Question 3 - A-Level Maths

OCR MEI C2 — Question 3 6 marks

Exam Board	OCR MEI
Module	C2 (Core Mathematics 2)
Marks	6
Paper	Download PDF ↗
Mark scheme	Download PDF ↗
Topic	Arithmetic Sequences and Series
Type	Real-world AP: find term or total
Difficulty	Easy -1.2 This is a straightforward application of standard arithmetic sequence formulas (nth term and sum) with clear real-world context. Part (i) requires direct substitution into the nth term formula, while part (ii) involves solving a quadratic inequality from the sum formula—both are routine textbook exercises requiring only recall and basic algebraic manipulation, making this easier than average.
Spec	1.04h Arithmetic sequences: nth term and sum formulae

3 On his \(1 ^ { \text {st } }\) birthday, John was given \(\pounds 5\) by his Uncle Fred.
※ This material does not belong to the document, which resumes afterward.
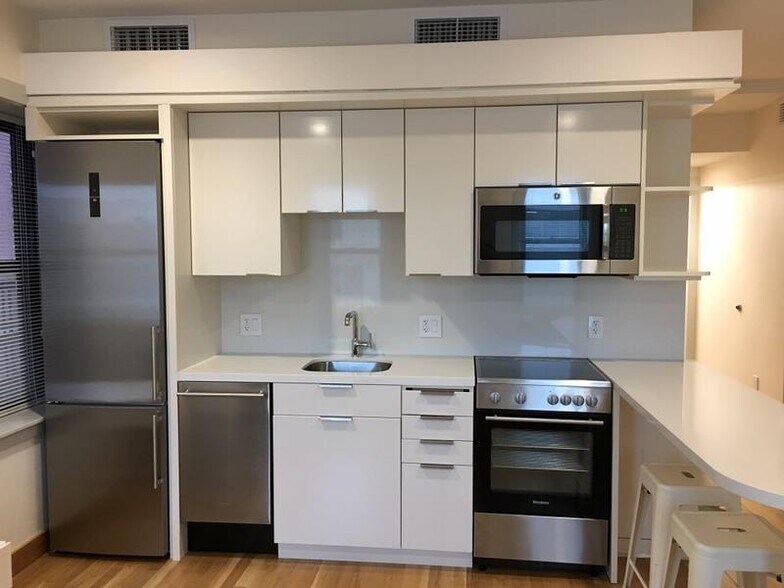 Building Photo - 115 Mt Auburn St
On each succeeding birthday, Uncle Fred gave a sum of money that was \(\pounds 3\) more than the amount he gave on the last birthday.

How much did Uncle Fred give John on his \(8 { } ^ { \text {th } }\) birthday?
On what birthday did the gift from Uncle Fred result in the total sum given on all birthdays exceeding £200?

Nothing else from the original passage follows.